### Aim of the exercise
Give back the entries in full, exactly as they are written.

(Items from a dataset)
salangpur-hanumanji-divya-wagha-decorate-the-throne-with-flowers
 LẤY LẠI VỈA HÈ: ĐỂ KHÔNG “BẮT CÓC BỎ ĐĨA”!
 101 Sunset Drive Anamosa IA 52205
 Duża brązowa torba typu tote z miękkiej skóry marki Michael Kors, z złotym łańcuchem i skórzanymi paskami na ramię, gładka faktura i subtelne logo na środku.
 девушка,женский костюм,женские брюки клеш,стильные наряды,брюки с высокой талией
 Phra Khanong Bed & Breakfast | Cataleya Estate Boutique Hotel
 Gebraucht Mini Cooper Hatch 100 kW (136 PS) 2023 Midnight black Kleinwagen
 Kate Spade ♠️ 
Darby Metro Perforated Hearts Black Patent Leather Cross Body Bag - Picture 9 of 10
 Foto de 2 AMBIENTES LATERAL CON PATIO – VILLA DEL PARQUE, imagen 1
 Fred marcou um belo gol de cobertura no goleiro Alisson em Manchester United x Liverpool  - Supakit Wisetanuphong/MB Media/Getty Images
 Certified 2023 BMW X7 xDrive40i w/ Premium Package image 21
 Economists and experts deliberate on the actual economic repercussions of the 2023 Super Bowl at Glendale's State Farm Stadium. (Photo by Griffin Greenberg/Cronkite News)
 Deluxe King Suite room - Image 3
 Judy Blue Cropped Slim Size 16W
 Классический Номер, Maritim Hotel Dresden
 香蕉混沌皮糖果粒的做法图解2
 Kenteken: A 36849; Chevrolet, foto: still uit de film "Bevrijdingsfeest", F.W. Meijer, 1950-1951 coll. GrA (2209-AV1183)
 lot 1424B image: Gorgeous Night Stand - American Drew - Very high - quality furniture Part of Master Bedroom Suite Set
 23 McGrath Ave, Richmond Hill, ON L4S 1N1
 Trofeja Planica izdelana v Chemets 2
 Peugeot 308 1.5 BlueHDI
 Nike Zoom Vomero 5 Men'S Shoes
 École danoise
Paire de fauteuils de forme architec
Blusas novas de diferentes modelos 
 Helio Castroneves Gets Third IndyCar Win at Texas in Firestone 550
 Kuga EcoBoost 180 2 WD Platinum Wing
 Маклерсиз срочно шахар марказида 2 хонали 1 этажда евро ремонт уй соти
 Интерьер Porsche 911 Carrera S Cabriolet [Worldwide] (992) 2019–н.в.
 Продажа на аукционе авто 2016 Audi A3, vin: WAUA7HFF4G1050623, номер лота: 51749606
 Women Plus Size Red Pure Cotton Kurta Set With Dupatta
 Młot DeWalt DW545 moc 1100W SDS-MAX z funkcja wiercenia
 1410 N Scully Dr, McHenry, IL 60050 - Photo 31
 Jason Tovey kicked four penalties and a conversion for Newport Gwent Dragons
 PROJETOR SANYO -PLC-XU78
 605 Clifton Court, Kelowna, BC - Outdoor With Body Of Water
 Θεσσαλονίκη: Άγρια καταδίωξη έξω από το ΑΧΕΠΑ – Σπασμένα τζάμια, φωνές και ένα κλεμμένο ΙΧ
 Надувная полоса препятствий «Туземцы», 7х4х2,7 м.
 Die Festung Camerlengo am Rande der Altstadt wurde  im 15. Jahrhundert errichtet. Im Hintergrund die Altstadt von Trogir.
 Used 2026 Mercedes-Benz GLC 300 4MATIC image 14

### Task answer
salangpur-hanumanji-divya-wagha-decorate-the-throne-with-flowers
 LẤY LẠI VỈA HÈ: ĐỂ KHÔNG “BẮT CÓC BỎ ĐĨA”!
 101 Sunset Drive Anamosa IA 52205
 Duża brązowa torba typu tote z miękkiej skóry marki Michael Kors, z złotym łańcuchem i skórzanymi paskami na ramię, gładka faktura i subtelne logo na środku.
 девушка,женский костюм,женские брюки клеш,стильные наряды,брюки с высокой талией
 Phra Khanong Bed & Breakfast | Cataleya Estate Boutique Hotel
 Gebraucht Mini Cooper Hatch 100 kW (136 PS) 2023 Midnight black Kleinwagen
 Kate Spade ♠️ 
Darby Metro Perforated Hearts Black Patent Leather Cross Body Bag - Picture 9 of 10
 Foto de 2 AMBIENTES LATERAL CON PATIO – VILLA DEL PARQUE, imagen 1
 Fred marcou um belo gol de cobertura no goleiro Alisson em Manchester United x Liverpool  - Supakit Wisetanuphong/MB Media/Getty Images
 Certified 2023 BMW X7 xDrive40i w/ Premium Package image 21
 Economists and experts deliberate on the actual economic repercussions of the 2023 Super Bowl at Glendale's State Farm Stadium. (Photo by Griffin Greenberg/Cronkite News)
 Deluxe King Suite room - Image 3
 Judy Blue Cropped Slim Size 16W
 Классический Номер, Maritim Hotel Dresden
 香蕉混沌皮糖果粒的做法图解2
 Kenteken: A 36849; Chevrolet, foto: still uit de film "Bevrijdingsfeest", F.W. Meijer, 1950-1951 coll. GrA (2209-AV1183)
 lot 1424B image: Gorgeous Night Stand - American Drew - Very high - quality furniture Part of Master Bedroom Suite Set
 23 McGrath Ave, Richmond Hill, ON L4S 1N1
 Trofeja Planica izdelana v Chemets 2
 Peugeot 308 1.5 BlueHDI
 Nike Zoom Vomero 5 Men'S Shoes
 École danoise
Paire de fauteuils de forme architec
Blusas novas de diferentes modelos 
 Helio Castroneves Gets Third IndyCar Win at Texas in Firestone 550
 Kuga EcoBoost 180 2 WD Platinum Wing
 Маклерсиз срочно шахар марказида 2 хонали 1 этажда евро ремонт уй соти
 Интерьер Porsche 911 Carrera S Cabriolet [Worldwide] (992) 2019–н.в.
 Продажа на аукционе авто 2016 Audi A3, vin: WAUA7HFF4G1050623, номер лота: 51749606
 Women Plus Size Red Pure Cotton Kurta Set With Dupatta
 Młot DeWalt DW545 moc 1100W SDS-MAX z funkcja wiercenia
 1410 N Scully Dr, McHenry, IL 60050 - Photo 31
 Jason Tovey kicked four penalties and a conversion for Newport Gwent Dragons
 PROJETOR SANYO -PLC-XU78
 605 Clifton Court, Kelowna, BC - Outdoor With Body Of Water
 Θεσσαλονίκη: Άγρια καταδίωξη έξω από το ΑΧΕΠΑ – Σπασμένα τζάμια, φωνές και ένα κλεμμένο ΙΧ
 Надувная полоса препятствий «Туземцы», 7х4х2,7 м.
 Die Festung Camerlengo am Rande der Altstadt wurde  im 15. Jahrhundert errichtet. Im Hintergrund die Altstadt von Trogir.
 Used 2026 Mercedes-Benz GLC 300 4MATIC image 14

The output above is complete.